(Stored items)

----

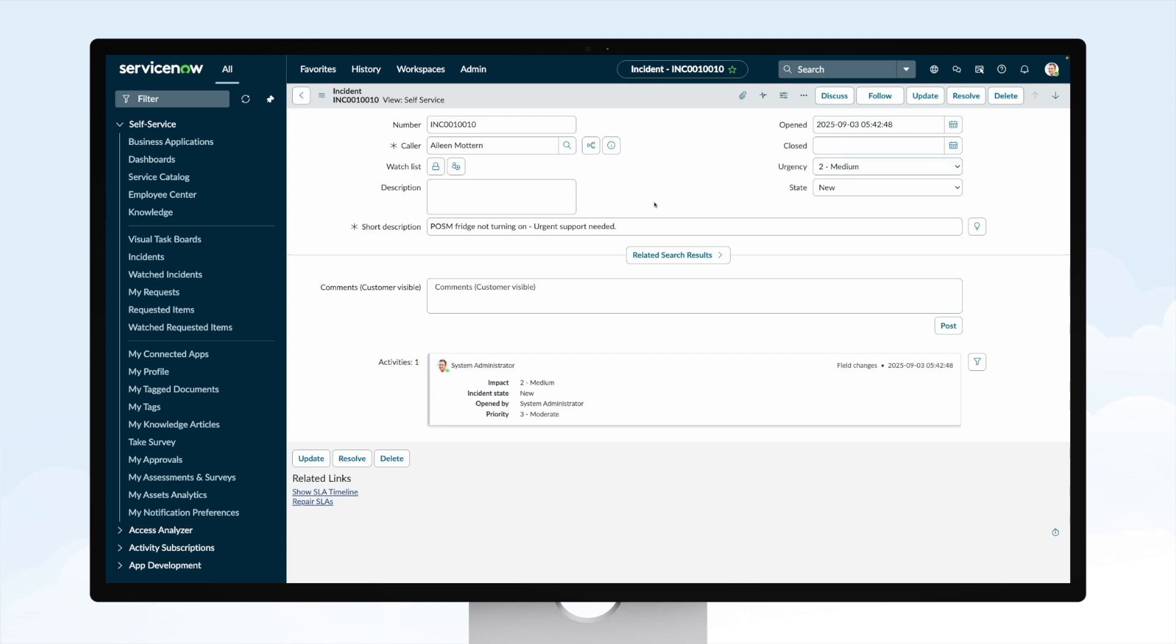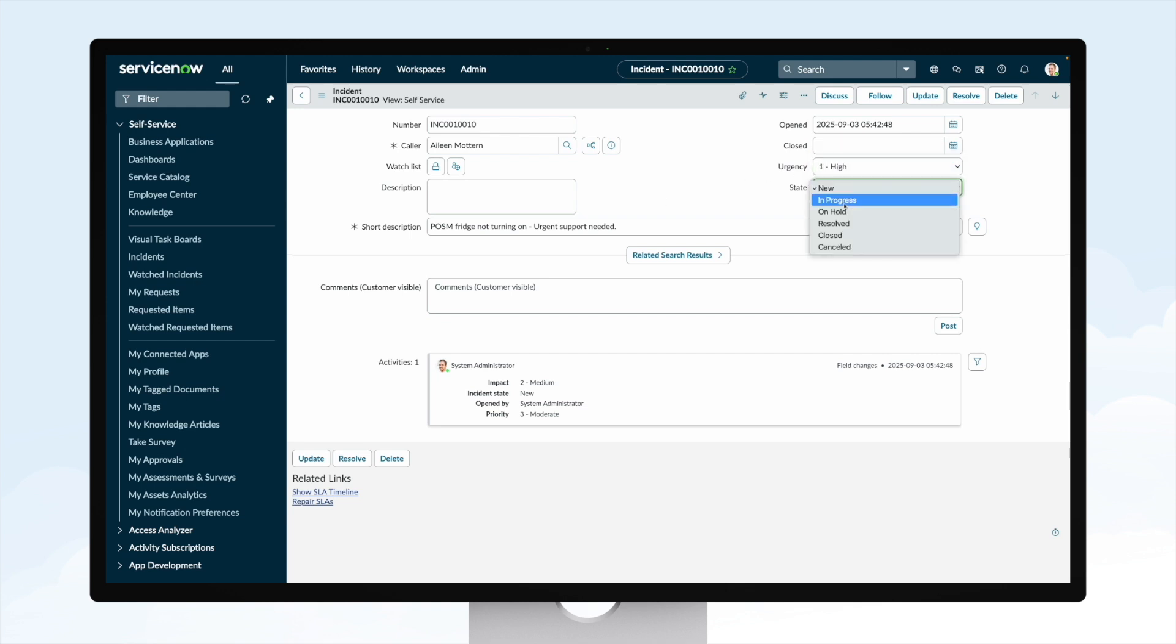Now I could make updates in here and I could work through the system, so maybe I want to increase the urgency, I want to make it in progress, and add a description or note saying a part has been ordered, will be delivered on Friday.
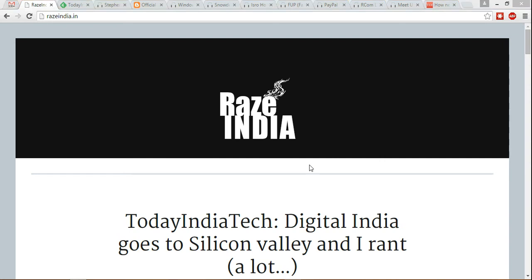Hello friends, welcome to my YouTube channel called Raise India, and this is my video segment which I call Today India Tech. In this video segment I share about the technology news which is happening within India. So let's get started.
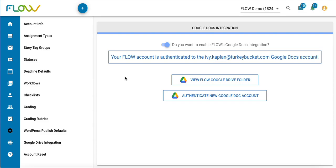One more thing: when you authenticate a new Google Docs account to Flow, you don't see it happening during authentication, but that new Google Docs folder should automatically be shared with all of the users that currently exist in your Flow account.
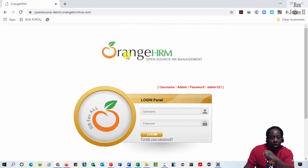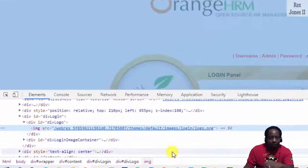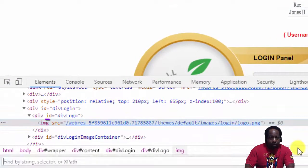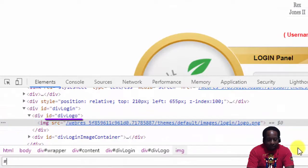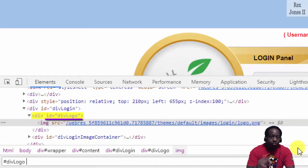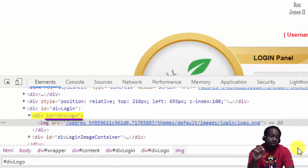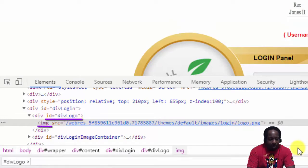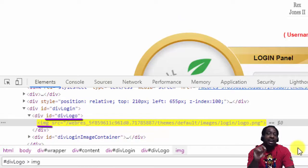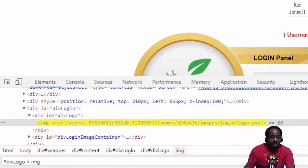Let's start with the logo and inspect, then find the value by writing hashtag div logo. This is the ID value for the parent. Space angle bracket IMG is the tag name for the logo.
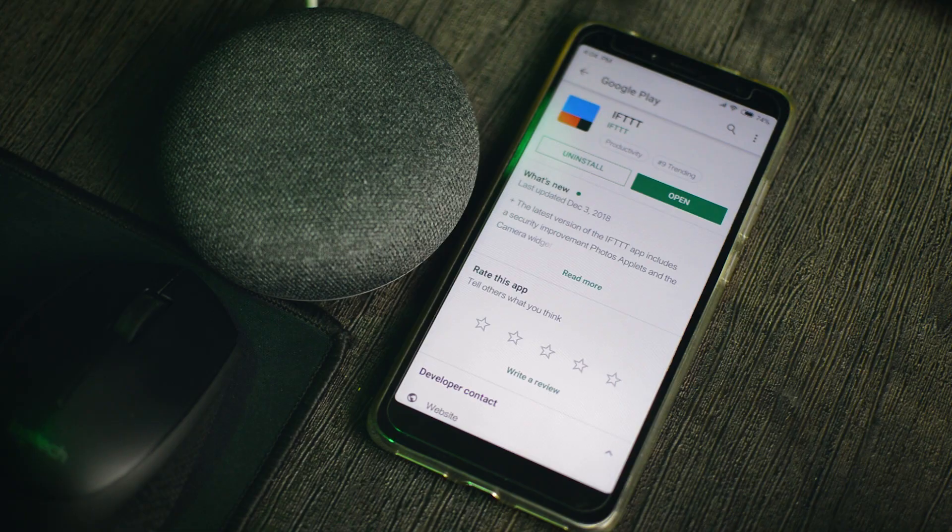So in this video, I'm going to teach you how to send text messages with the Google Home Mini because by default, the Google Home Mini doesn't support sending text messages. So I'm going to do this with the help of a service called IFTTT.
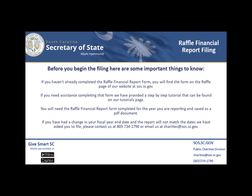If you have had a change to your fiscal year-end date and the report will not match the dates we have asked you to file, please contact us at 803-734-1790 or email us at charities@sos.sc.gov.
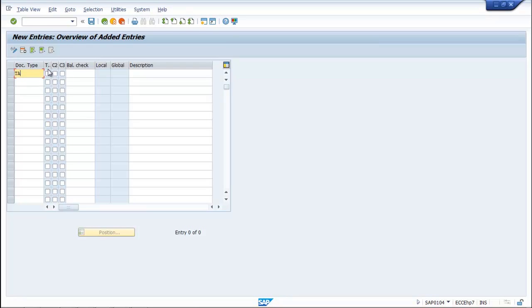Come to Transaction Currency and tick on the Transaction Currency. Also tick on the 2nd and 3rd currencies.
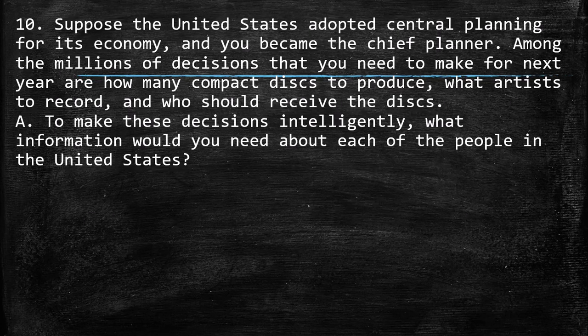Suppose the United States adopted central planning for its economy and you became the chief planner. Among the millions of decisions you need to make for next year are how many compact discs to produce, what artists to record, and who should receive the discs. To make this decision intelligently, what information would you need about each of the people in the United States?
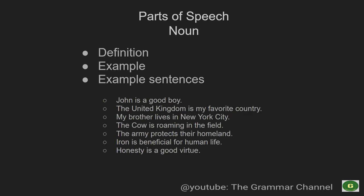There are eight major parts of speech: the noun, pronoun, adjective, verb, adverb, preposition, conjunction, and interjection. These are the eight parts of speech, and first and foremost, let's look into the nouns.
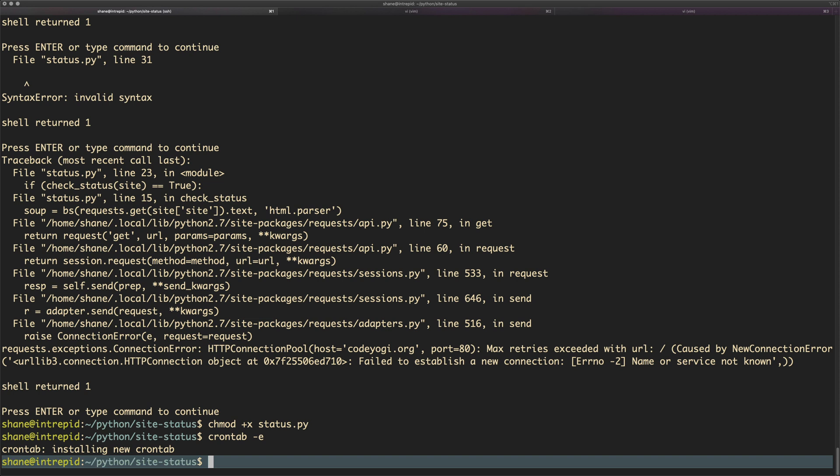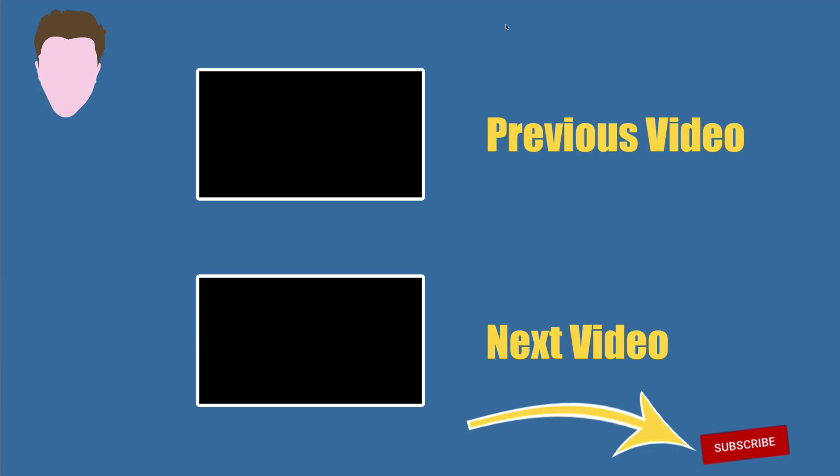So this has been a slightly different video than usual. This is just writing a bit of Python to solve a little problem I had. Thank you very much for watching.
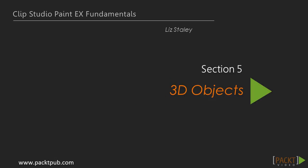Hi, and welcome to the 3D Objects section. In this section, we will be learning about using 3D objects in Clip Studio Paint.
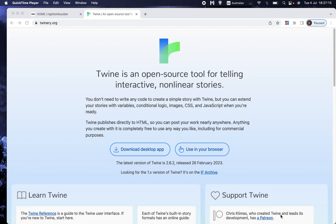Welcome to video number two of Let's Make a Game. I promised you last time that we would learn what Twine is and what sort of format games it makes. So let's do that.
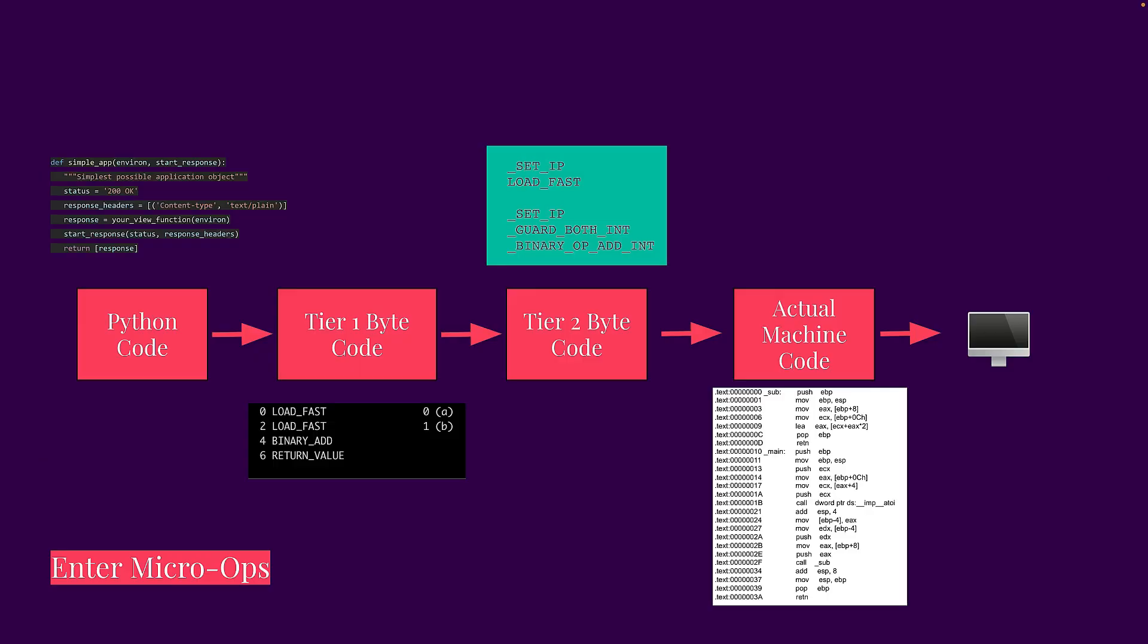So on our left here, we have Python code, which is pretty simple. You have your function, you have your variables, you have your return clauses, all that good stuff. But then you get your tier one bytecode, which is your binary add, your load fast.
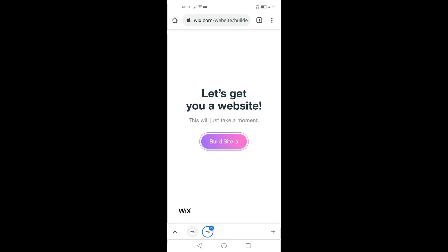Here on the screen we can read let's get you a website. Now I am going to press build site here.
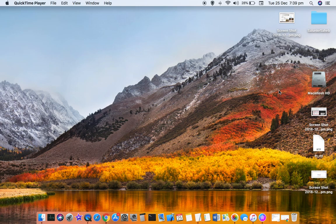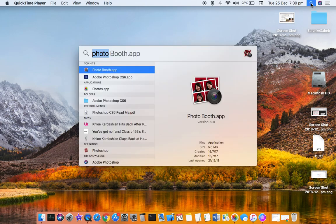This video explains how you can take a picture on your Mac. For that, you can use the Photo Booth app. To open it, go to Spotlight Search and type Photo Booth.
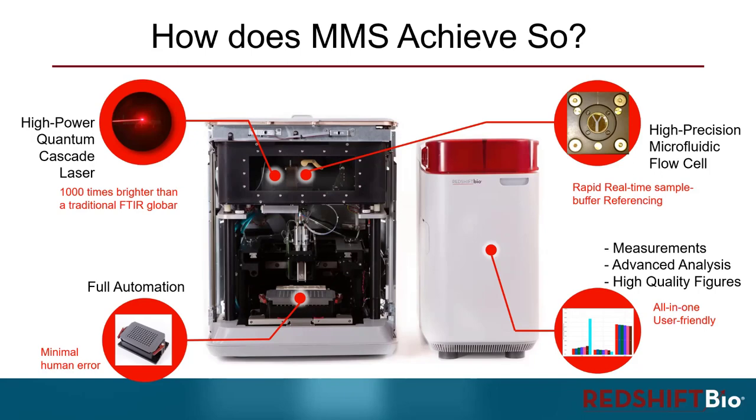Number two is our high precision microfluidic flow cell, which enables rapid real-time sample buffer referencing. And number three, full automation again, which not only saves time but also minimizes the human error.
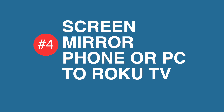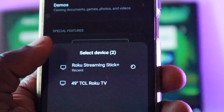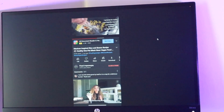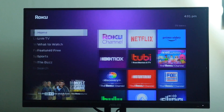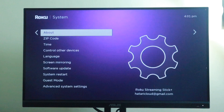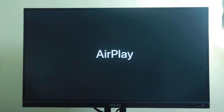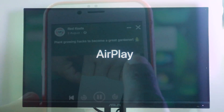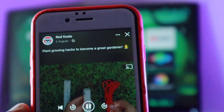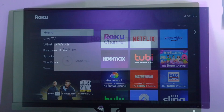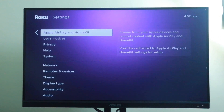Tip number four is to screen mirror your phone or PC to the Roku TV. Roku TV allows you to mirror your smartphone, tablet, or computer screen to your television so you can watch your movies, TV shows, or videos on the big screen. To use screen mirroring, go to Settings, then System, then select Screen Mirroring. You can then choose to enable screen mirroring for all devices or only specific devices. If you have an iPhone, iPad, or Mac, Roku also supports AirPlay 2, so you can share images, videos, and audio directly to your Roku TV from your iOS devices. You can turn on AirPlay by going to Settings and then selecting Apple AirPlay and HomeKit.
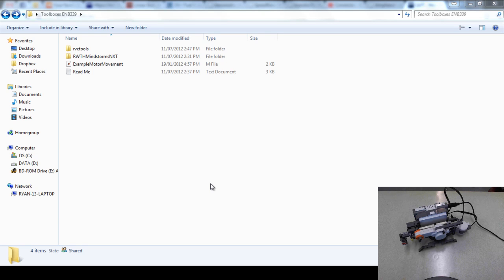Hi guys, just starting another tutorial on how to set up the NXT to work with our toolboxes in MATLAB.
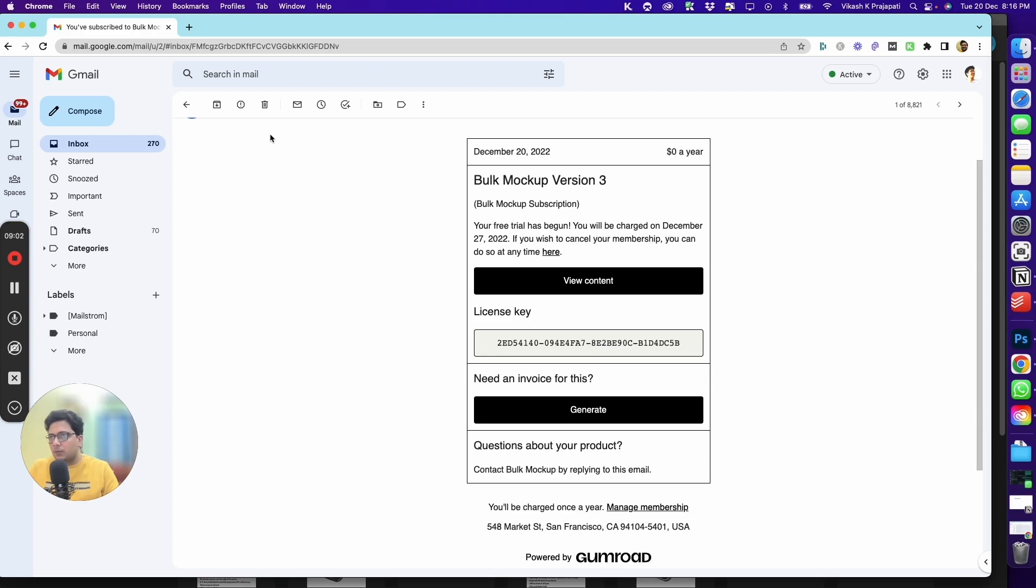Thank you for purchasing Bulk Mockup. Please watch the next video to understand the interface and how to get started with creating your mockups.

----

## What is required
Give back the exact lines above, running from the one that has "So in this video, I'm" through the one that has "Come to Transaction", with nothing added and no pictures.

## Written solution
So in this video, I'm going to teach you how to send text messages with the Google Home Mini because by default, the Google Home Mini doesn't support sending text messages. So I'm going to do this with the help of a service called IFTTT.
If you have had a change to your fiscal year-end date and the report will not match the dates we have asked you to file, please contact us at 803-734-1790 or email us at charities@sos.sc.gov.
Come to Transaction Currency and tick on the Transaction Currency. Also tick on the 2nd and 3rd currencies.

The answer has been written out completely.